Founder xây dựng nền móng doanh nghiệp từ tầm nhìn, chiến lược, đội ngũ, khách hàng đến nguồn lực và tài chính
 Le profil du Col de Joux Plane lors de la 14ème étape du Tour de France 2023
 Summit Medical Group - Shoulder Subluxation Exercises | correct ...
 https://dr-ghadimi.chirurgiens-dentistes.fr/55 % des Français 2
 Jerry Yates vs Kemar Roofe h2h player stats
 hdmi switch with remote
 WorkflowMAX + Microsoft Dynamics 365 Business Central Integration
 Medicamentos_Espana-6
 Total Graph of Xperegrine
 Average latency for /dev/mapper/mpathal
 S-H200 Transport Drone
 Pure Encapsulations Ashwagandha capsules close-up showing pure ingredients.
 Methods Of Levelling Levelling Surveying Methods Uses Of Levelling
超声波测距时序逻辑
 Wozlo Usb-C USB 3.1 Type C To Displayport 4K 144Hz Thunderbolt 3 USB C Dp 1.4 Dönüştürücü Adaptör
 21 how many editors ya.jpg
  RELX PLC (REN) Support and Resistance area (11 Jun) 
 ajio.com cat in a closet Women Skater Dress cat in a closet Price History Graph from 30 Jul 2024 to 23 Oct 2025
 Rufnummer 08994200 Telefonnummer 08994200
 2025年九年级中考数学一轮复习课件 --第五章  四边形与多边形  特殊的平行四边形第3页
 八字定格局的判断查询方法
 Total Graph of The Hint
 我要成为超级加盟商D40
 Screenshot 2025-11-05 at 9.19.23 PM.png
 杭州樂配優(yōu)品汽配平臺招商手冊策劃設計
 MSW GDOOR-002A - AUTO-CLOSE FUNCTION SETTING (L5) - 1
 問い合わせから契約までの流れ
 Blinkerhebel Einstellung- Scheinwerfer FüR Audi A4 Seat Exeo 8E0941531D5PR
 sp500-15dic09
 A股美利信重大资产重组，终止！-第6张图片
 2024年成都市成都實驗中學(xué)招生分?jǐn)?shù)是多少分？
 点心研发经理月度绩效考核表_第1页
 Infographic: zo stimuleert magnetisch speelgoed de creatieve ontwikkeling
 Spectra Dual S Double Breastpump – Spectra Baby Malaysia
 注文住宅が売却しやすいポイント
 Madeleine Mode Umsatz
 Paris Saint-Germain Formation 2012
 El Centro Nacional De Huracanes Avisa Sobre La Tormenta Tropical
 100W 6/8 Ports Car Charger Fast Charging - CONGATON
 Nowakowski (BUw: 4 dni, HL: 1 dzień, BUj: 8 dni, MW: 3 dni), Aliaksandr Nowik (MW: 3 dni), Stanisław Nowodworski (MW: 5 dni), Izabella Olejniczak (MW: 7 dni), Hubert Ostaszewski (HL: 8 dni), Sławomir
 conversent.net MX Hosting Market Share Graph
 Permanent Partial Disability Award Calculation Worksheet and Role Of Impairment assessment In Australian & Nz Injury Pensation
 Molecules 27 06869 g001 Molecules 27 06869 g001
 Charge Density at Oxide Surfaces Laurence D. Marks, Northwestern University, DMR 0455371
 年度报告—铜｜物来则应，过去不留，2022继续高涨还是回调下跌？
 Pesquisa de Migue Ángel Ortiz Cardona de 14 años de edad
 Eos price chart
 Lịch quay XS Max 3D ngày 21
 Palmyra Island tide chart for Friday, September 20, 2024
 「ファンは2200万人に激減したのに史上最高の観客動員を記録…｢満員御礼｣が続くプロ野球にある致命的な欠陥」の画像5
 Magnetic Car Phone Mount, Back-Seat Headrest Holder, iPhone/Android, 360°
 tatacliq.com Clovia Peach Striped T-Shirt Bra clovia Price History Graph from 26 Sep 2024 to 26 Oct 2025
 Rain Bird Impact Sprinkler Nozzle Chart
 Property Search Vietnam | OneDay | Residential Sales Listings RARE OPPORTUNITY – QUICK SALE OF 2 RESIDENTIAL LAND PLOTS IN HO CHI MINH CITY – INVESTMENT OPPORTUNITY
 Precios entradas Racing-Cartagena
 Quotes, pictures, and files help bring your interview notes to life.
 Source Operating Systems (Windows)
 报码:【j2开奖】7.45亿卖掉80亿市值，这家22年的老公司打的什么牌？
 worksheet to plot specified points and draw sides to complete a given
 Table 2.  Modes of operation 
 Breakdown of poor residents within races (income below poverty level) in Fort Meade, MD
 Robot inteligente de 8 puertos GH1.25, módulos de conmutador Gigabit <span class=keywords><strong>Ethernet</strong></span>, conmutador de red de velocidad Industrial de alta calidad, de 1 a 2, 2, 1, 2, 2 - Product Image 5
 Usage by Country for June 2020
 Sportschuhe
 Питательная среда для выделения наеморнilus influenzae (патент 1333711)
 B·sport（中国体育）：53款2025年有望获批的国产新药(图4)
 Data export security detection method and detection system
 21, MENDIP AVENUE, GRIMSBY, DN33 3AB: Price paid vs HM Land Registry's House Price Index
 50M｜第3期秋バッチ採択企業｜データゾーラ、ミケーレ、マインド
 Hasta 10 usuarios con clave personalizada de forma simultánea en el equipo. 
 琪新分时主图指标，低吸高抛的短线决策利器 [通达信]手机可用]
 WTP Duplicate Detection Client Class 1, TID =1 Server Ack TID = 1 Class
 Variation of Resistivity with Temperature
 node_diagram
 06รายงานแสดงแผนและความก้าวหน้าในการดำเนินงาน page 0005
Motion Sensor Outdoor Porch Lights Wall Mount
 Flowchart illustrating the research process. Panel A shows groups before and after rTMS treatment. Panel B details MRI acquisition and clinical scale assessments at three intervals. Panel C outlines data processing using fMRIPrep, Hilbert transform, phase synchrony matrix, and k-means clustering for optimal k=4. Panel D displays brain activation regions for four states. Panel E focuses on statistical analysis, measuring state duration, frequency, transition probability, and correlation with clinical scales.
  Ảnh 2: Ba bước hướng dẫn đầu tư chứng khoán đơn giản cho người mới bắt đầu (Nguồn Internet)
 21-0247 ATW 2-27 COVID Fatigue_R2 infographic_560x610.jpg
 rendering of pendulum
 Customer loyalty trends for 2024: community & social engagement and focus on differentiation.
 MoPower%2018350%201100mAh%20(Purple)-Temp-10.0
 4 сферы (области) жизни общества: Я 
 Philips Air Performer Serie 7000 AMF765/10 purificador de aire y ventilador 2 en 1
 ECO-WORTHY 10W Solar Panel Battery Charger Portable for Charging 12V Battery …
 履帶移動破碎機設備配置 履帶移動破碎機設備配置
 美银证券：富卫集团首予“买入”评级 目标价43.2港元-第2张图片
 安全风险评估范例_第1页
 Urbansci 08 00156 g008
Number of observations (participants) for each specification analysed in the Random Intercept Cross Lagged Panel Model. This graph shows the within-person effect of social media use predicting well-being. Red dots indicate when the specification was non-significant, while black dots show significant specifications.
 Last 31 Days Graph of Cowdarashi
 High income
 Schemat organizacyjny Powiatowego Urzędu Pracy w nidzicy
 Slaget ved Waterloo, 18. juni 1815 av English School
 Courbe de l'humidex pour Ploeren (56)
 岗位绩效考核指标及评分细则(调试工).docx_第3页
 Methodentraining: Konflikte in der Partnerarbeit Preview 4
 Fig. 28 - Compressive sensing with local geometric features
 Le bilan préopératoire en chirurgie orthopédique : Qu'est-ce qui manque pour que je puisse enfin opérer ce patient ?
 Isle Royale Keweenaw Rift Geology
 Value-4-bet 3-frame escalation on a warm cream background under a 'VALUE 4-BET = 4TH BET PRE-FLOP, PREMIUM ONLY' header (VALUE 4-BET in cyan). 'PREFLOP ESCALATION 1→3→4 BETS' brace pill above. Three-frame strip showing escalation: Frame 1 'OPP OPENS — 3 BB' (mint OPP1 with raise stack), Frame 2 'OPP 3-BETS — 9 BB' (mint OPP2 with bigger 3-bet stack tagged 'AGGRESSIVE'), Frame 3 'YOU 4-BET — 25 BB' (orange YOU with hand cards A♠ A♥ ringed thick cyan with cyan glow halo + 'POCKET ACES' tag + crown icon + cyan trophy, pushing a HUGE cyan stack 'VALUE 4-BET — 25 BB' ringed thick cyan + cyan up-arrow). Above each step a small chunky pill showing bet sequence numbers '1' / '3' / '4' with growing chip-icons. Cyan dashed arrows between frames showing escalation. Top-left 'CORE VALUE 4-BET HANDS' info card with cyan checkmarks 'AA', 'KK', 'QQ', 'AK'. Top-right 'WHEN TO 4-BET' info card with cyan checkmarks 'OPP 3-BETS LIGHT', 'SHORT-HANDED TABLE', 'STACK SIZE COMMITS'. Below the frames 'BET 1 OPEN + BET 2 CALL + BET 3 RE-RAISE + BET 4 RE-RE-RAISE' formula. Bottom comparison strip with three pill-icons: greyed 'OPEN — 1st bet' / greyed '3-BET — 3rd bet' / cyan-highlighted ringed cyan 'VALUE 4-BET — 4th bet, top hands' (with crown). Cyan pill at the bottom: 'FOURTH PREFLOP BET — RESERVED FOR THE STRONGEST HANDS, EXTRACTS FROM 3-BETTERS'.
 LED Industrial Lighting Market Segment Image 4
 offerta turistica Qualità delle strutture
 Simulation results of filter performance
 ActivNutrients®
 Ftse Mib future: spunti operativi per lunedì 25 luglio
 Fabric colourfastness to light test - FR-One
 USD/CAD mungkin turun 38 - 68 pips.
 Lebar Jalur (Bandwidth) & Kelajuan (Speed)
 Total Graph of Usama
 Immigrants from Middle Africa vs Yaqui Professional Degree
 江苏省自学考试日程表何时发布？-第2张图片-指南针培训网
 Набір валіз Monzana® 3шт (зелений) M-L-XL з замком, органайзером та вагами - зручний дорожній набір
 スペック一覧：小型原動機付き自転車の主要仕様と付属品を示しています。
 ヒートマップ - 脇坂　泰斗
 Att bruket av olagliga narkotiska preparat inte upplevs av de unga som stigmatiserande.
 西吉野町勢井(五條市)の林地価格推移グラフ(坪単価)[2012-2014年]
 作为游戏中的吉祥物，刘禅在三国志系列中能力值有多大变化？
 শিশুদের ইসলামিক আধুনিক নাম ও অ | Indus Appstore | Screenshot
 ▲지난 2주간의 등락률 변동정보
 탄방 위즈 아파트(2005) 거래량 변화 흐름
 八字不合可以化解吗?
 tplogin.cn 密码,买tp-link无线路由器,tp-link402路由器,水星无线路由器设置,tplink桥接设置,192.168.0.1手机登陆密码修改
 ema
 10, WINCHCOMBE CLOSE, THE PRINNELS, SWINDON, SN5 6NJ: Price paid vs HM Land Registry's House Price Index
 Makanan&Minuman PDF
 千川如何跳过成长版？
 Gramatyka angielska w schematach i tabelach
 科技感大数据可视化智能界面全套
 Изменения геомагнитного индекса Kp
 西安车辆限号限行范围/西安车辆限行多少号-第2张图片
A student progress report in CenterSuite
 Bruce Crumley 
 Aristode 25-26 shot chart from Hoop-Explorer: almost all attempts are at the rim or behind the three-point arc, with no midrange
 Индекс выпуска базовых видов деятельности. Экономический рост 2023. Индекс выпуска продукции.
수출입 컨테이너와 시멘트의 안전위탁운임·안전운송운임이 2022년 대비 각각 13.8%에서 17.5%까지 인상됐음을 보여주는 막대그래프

→ WHAT TO WORK ON:
Search the entries for the word "Index" and show every line that has it.

→ WRITTEN RESPONSE:
 21, MENDIP AVENUE, GRIMSBY, DN33 3AB: Price paid vs HM Land Registry's House Price Index
 10, WINCHCOMBE CLOSE, THE PRINNELS, SWINDON, SN5 6NJ: Price paid vs HM Land Registry's House Price Index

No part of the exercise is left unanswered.